» What you have to do:
Leave out all pictures. Return exactly the lines from the top of the material through the line containing "Shoreline Radio 083 Host Mix Skua".

» Data extracts:
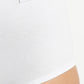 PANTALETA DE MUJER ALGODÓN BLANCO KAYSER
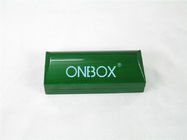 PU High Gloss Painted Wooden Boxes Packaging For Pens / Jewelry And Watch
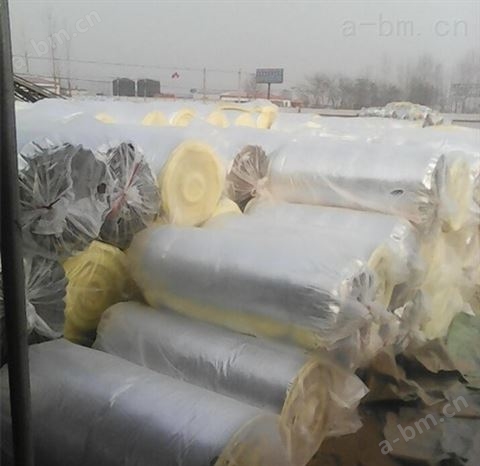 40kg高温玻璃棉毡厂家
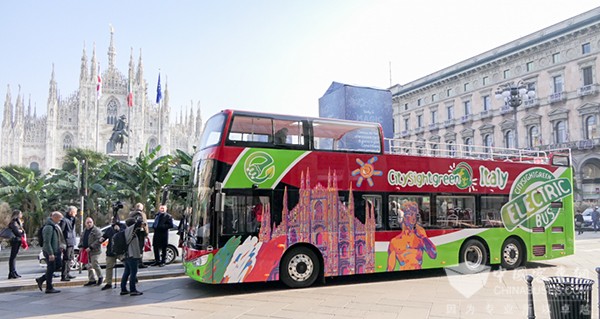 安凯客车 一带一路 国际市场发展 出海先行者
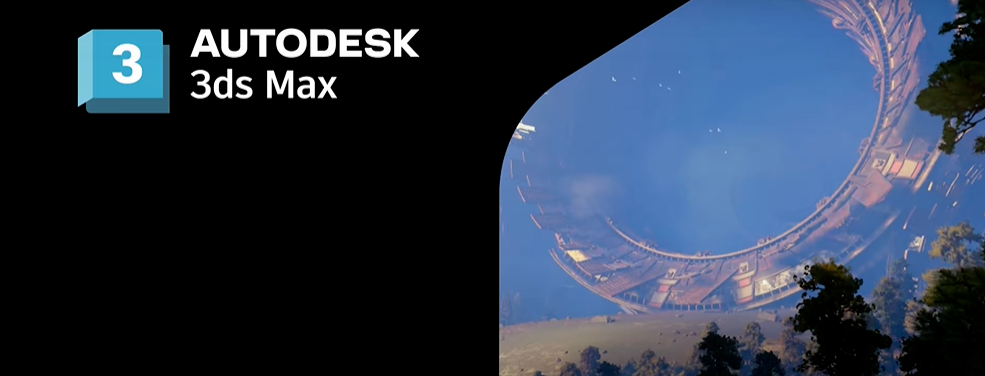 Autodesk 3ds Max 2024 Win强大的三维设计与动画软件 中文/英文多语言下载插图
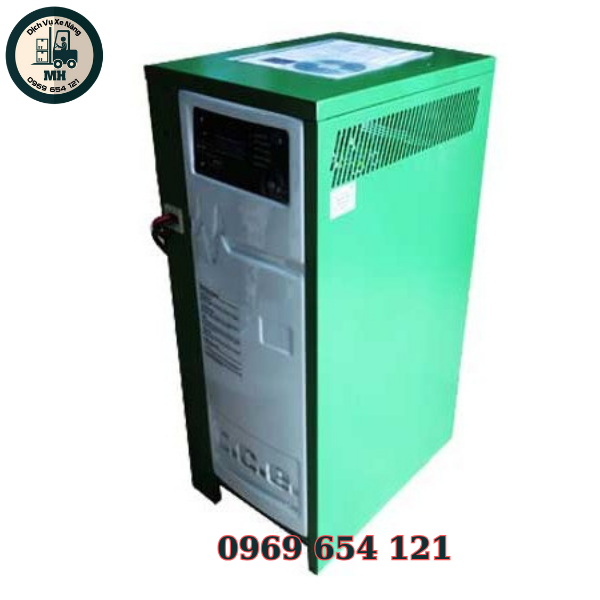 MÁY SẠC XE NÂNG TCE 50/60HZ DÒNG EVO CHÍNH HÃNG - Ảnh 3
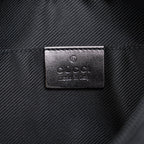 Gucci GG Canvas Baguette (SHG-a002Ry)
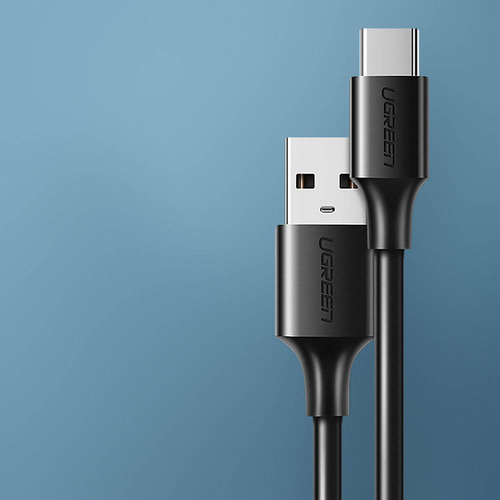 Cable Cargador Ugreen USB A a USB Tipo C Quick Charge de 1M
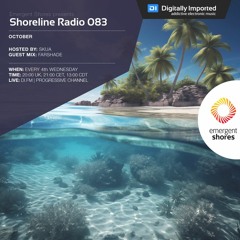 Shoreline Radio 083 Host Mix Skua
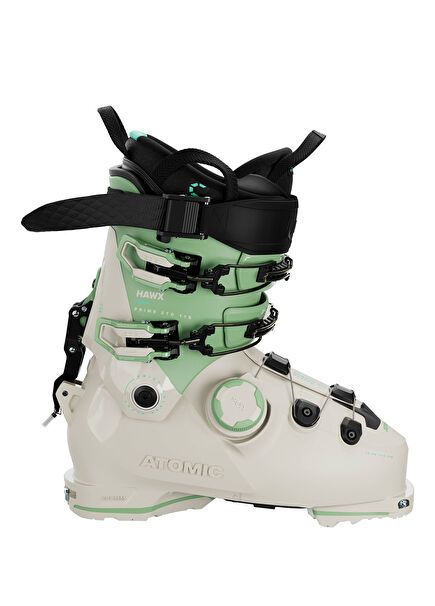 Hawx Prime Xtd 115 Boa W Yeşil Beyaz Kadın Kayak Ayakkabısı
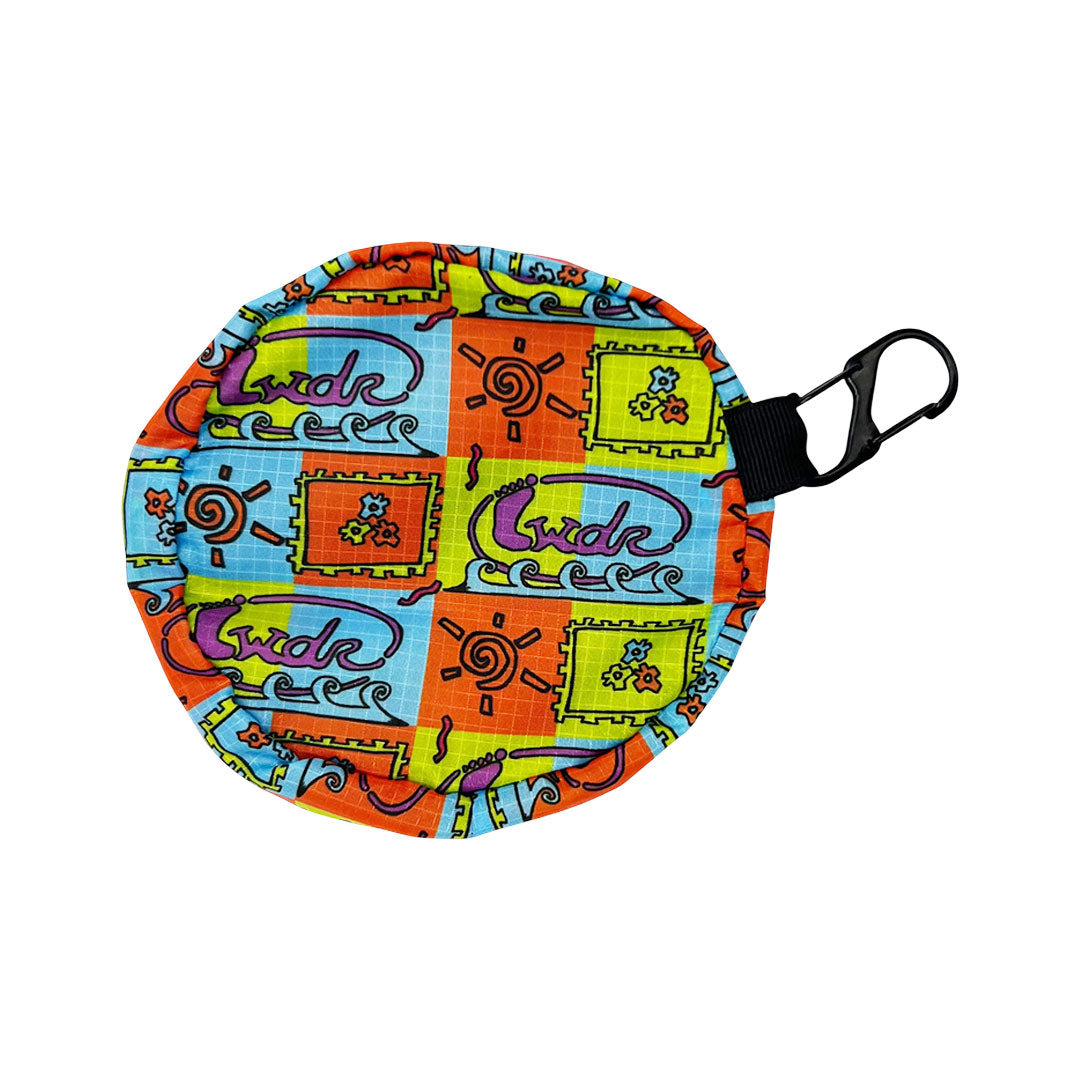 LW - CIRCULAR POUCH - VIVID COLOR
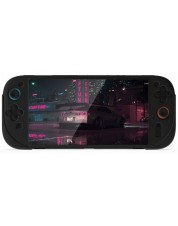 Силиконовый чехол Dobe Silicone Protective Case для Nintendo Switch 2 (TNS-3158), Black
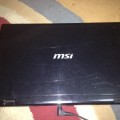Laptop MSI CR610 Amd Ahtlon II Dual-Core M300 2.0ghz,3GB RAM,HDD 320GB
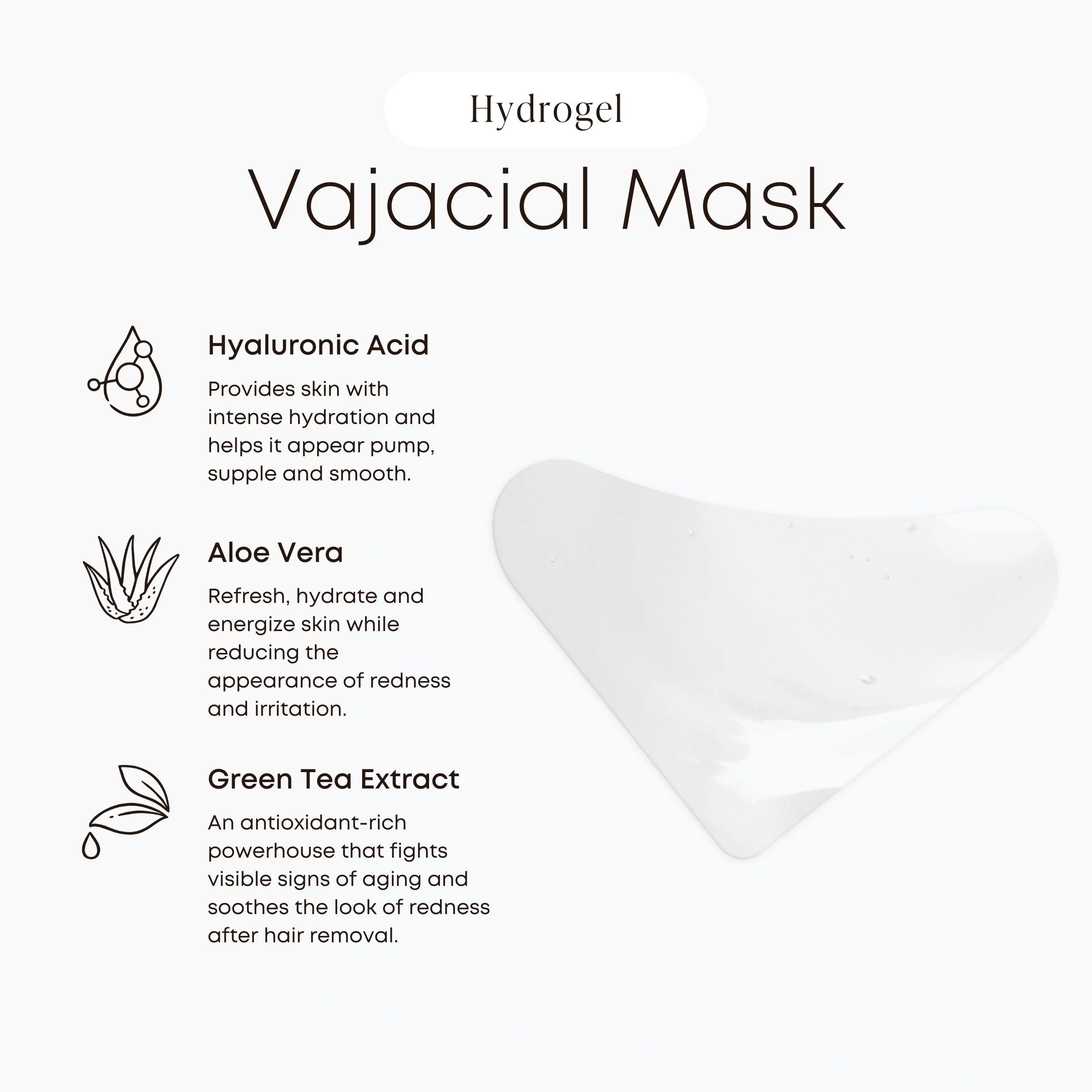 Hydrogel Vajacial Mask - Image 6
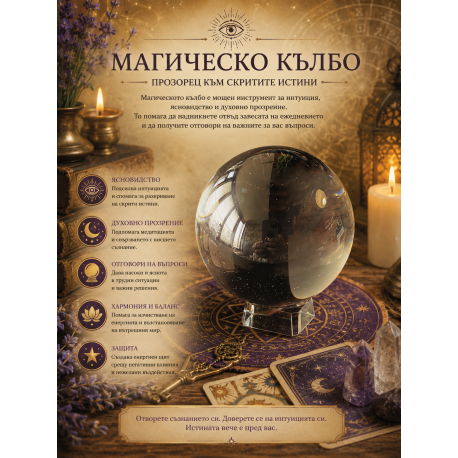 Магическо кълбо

» Response for this exercise:
 PANTALETA DE MUJER ALGODÓN BLANCO KAYSER
 PU High Gloss Painted Wooden Boxes Packaging For Pens / Jewelry And Watch
 40kg高温玻璃棉毡厂家
 安凯客车 一带一路 国际市场发展 出海先行者
 Autodesk 3ds Max 2024 Win强大的三维设计与动画软件 中文/英文多语言下载插图
 MÁY SẠC XE NÂNG TCE 50/60HZ DÒNG EVO CHÍNH HÃNG - Ảnh 3
 Gucci GG Canvas Baguette (SHG-a002Ry)
 Cable Cargador Ugreen USB A a USB Tipo C Quick Charge de 1M
 Shoreline Radio 083 Host Mix Skua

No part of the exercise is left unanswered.